MATERIALS PROVIDED START

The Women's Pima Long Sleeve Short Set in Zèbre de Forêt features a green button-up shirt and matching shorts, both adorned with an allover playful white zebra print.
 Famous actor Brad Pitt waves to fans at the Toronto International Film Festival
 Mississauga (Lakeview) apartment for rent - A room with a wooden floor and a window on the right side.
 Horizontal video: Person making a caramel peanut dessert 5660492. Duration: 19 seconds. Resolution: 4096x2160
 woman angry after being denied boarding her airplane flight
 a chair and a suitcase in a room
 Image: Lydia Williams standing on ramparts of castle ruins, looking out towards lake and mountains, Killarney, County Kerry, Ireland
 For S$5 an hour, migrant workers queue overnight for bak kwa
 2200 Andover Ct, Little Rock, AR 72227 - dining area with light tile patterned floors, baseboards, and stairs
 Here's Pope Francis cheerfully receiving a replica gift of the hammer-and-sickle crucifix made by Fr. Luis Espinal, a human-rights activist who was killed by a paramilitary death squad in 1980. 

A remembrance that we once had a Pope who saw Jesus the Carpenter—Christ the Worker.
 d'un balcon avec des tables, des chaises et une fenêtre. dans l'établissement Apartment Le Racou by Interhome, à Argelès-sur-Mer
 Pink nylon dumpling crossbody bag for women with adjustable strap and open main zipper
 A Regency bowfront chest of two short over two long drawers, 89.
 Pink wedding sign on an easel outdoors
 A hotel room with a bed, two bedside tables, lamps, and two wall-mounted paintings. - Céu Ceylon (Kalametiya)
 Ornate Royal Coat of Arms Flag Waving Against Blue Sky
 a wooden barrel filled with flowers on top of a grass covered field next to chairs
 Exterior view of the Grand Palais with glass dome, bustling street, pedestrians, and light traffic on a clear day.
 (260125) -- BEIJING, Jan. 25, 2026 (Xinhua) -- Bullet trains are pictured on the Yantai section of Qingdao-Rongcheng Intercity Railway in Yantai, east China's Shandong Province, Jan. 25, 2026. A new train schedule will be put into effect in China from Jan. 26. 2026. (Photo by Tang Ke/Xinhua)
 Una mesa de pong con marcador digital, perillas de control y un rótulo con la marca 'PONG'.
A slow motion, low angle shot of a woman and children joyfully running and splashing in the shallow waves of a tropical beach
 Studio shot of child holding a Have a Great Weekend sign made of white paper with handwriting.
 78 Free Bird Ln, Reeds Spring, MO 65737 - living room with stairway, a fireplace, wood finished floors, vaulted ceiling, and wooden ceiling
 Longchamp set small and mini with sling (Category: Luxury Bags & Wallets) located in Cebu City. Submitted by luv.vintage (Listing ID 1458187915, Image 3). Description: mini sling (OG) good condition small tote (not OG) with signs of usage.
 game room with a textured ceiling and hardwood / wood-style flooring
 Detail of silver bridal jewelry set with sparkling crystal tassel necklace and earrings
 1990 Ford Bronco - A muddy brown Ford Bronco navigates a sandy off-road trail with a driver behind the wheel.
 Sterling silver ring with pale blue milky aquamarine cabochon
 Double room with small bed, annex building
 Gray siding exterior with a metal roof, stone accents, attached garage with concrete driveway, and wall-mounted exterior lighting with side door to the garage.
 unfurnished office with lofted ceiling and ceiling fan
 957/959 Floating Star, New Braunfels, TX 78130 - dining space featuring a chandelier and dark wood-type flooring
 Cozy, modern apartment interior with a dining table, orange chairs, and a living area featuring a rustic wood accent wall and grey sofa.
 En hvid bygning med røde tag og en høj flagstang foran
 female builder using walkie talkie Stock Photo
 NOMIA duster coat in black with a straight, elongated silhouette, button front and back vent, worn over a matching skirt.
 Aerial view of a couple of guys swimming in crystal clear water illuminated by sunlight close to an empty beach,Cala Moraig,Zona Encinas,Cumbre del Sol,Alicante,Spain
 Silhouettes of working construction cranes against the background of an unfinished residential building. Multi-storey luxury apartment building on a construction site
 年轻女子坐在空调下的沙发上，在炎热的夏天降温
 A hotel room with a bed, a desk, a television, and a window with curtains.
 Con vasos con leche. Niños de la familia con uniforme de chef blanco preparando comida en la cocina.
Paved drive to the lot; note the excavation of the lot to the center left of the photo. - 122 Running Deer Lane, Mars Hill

MATERIALS PROVIDED END

# YOUR GOAL
Would you show every line in the data above that contains the string "waves"?

# TASK RESPONSE
 Famous actor Brad Pitt waves to fans at the Toronto International Film Festival
A slow motion, low angle shot of a woman and children joyfully running and splashing in the shallow waves of a tropical beach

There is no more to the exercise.